Climate change service releases enhanced multi-model seasonal forecasts

26 November 2018

Woodland in the four seasons

The Copernicus Climate Change Service (C3S), implemented by ECMWF on behalf of the EU, upgraded its seasonal forecast products on 13 November. Forecasts are now available from five models compared to three before, and one of the original models has been upgraded to a new version.

The contributing centres are Météo-France, the UK Met Office, ECMWF and now also the German national meteorological service (DWD) and the Euro-Mediterranean Center on Climate Change (CMCC). Météo-France’s new operational seasonal forecasting system, System 6, has replaced their previous system in the C3S multi-model line-up.

The forecasts include data and graphical products for several variables, including air and sea-surface temperature, atmospheric circulation and precipitation up to six months ahead.

Multi-model seasonal forecast of temperature anomalies

Example C3S multi-model forecast from 1 November 2018 of the ensemble mean 2-metre temperature anomaly for December 2018 – February 2019. Prominent features include higher than normal temperatures predicted for the Arctic region and the tropical Pacific.

The seasonal forecasts will continue to be issued every month on the 13th at 12 UTC. Forecast charts can be accessed on the C3S website and the data is available through the C3S Climate Data Store (CDS), which also provides documentation on the new system.

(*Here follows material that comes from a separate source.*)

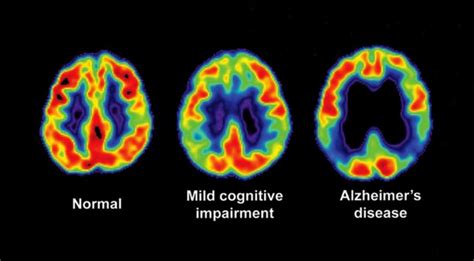 Mild Cognitive Impairment Alzheimers San Diego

Skill of seasonal forecasts

Seasonal forecasts cannot predict the weather on particular days and in particular locations. They can, however, highlight the potential for average conditions in a particular region to be above or below what is usual for the time of year.

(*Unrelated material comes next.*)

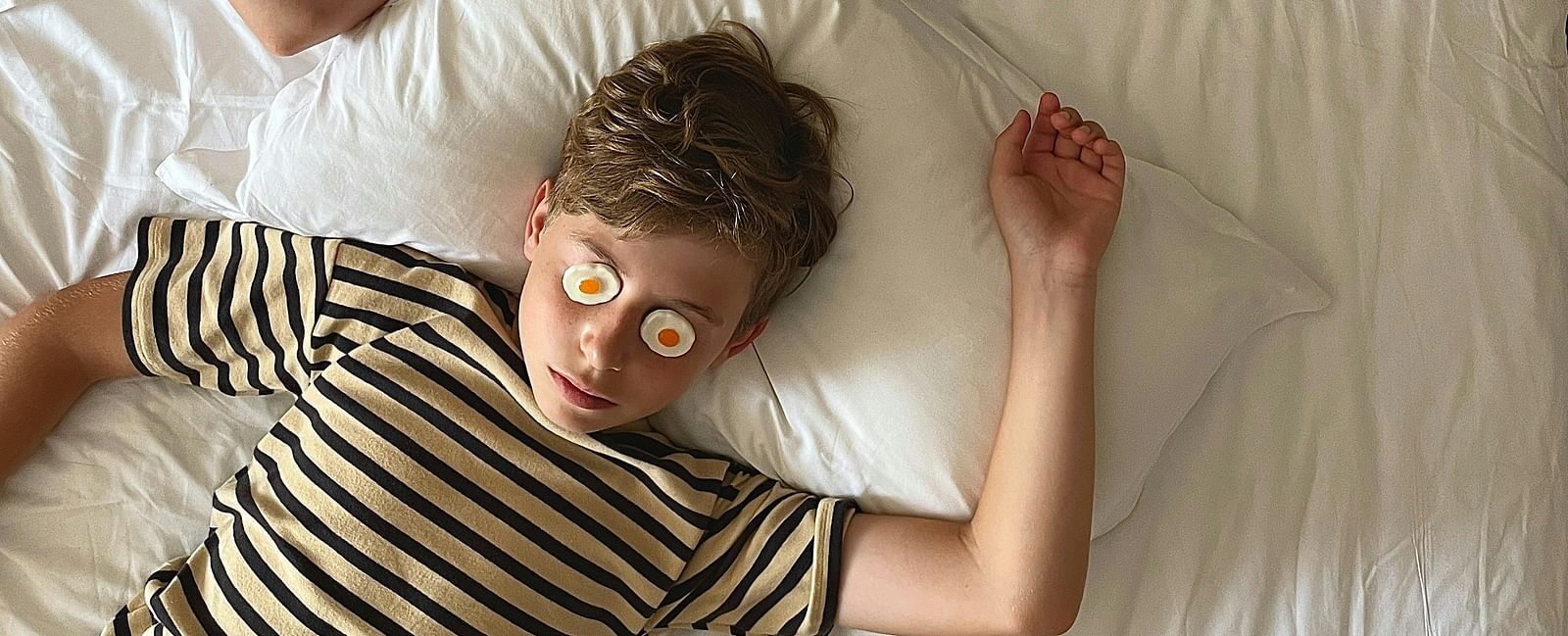 A girl and a boy sleeping in a hotel bed with something in their eyes.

The average skill of such predictions varies by season and geographic location. A map showing the average skill of ECMWF’s seasonal ensemble mean 2-metre temperature forecasts from 1 November for the December to February period, for example, shows that the skill tends to be low over Europe.

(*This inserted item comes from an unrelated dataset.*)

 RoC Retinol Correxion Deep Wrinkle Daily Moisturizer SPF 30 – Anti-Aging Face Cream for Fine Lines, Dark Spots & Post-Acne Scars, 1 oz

SEAS5 2 m temperature forecast skill chart

The skill of seasonal forecasts varies by season and by geographic location. In ECMWF’s SEAS5 system, it tends to be relatively low over Europe. The chart shows the anomaly correlation for ensemble mean 2-metre temperature predictions for December–January–February from 1 November for SEAS5. The anomaly correlation is a measure of skill. A value of 1 corresponds to a perfect deterministic forecast, while 0 means no skill.

Experience shows that on average multi-model seasonal forecasts perform better than any single system. They also provide additional information on the degree of uncertainty that comes with any forecast.

Predictability on seasonal timescales depends on ‘teleconnections’ in the Earth system. For example, El Niño conditions, marked by unusually high sea-surface temperatures in the equatorial Pacific Ocean, can have repercussions on weather patterns across the world.

El Niño conditions have relatively high predictability, but predictions still come with some uncertainty, as illustrated by the C3S seasonal multi-model forecast for the NINO3.4 region below.

Multi-model seasonal NINO3.4 forecast

This example shows a C3S multi-system forecast of sea-surface temperature (SST) anomalies in the NINO3.4 region in the tropical Pacific from 1 November 2018. Each line represents a member of an ensemble forecast issued by the participating centres. The spread of the lines gives an indication of the uncertainty in the forecast.

Next steps

Further significant changes to the C3S multi-model seasonal forecast service are expected in 2019.

Forecast verification statistics will be shown alongside the forecast products. In addition, new contributors, such as the US National Centers for Environmental Prediction (NCEP) and the Japan Meteorological Agency (JMA), are expected to be included in the multi-system.

At that point the C3S system will include data from all models currently participating in EUROSIP, a multi-system seasonal forecast activity coordinated by ECMWF since 2005.